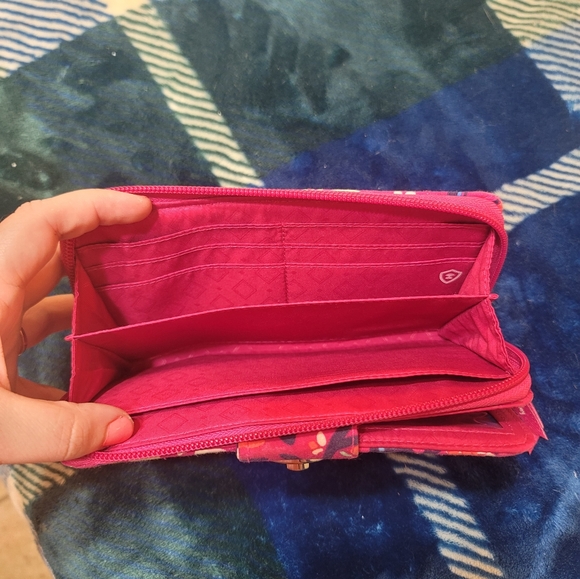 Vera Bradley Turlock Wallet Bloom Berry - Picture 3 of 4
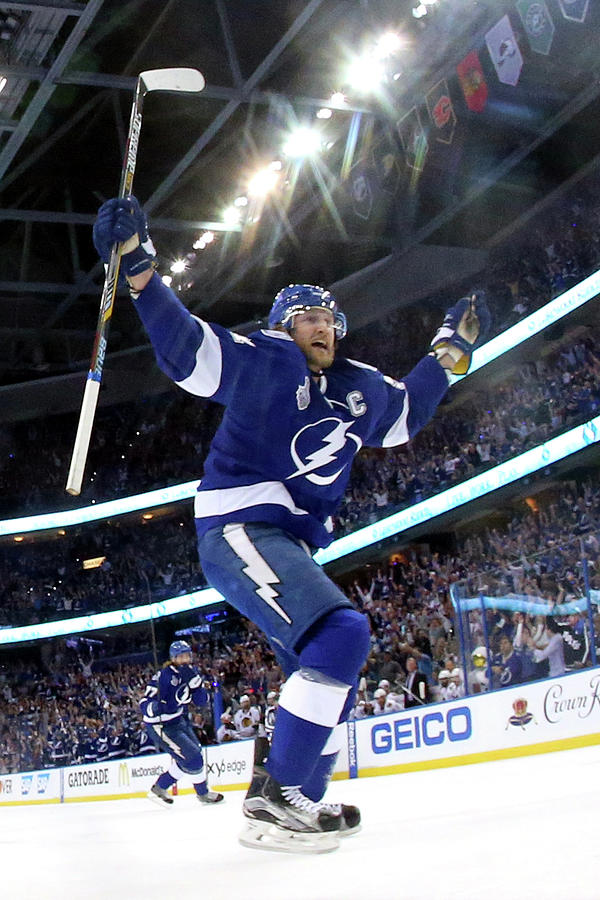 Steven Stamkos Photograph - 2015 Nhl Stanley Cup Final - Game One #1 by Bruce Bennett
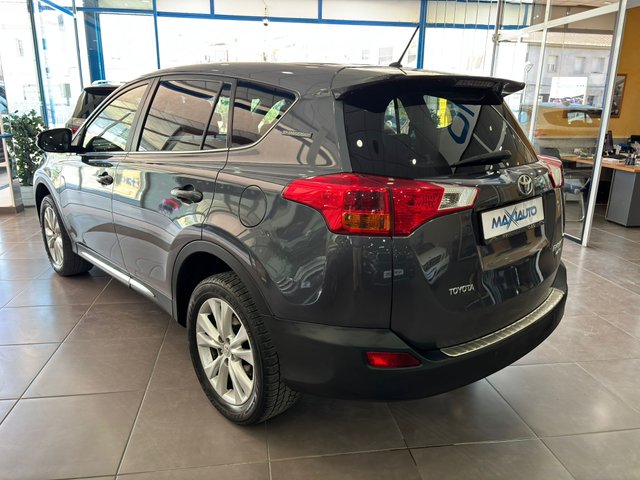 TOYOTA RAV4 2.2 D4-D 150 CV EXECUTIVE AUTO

────

Problem
All of the material above should be reproduced exactly, except the pictures.

Task result
 Vera Bradley Turlock Wallet Bloom Berry - Picture 3 of 4
 Steven Stamkos Photograph - 2015 Nhl Stanley Cup Final - Game One #1 by Bruce Bennett
 TOYOTA RAV4 2.2 D4-D 150 CV EXECUTIVE AUTO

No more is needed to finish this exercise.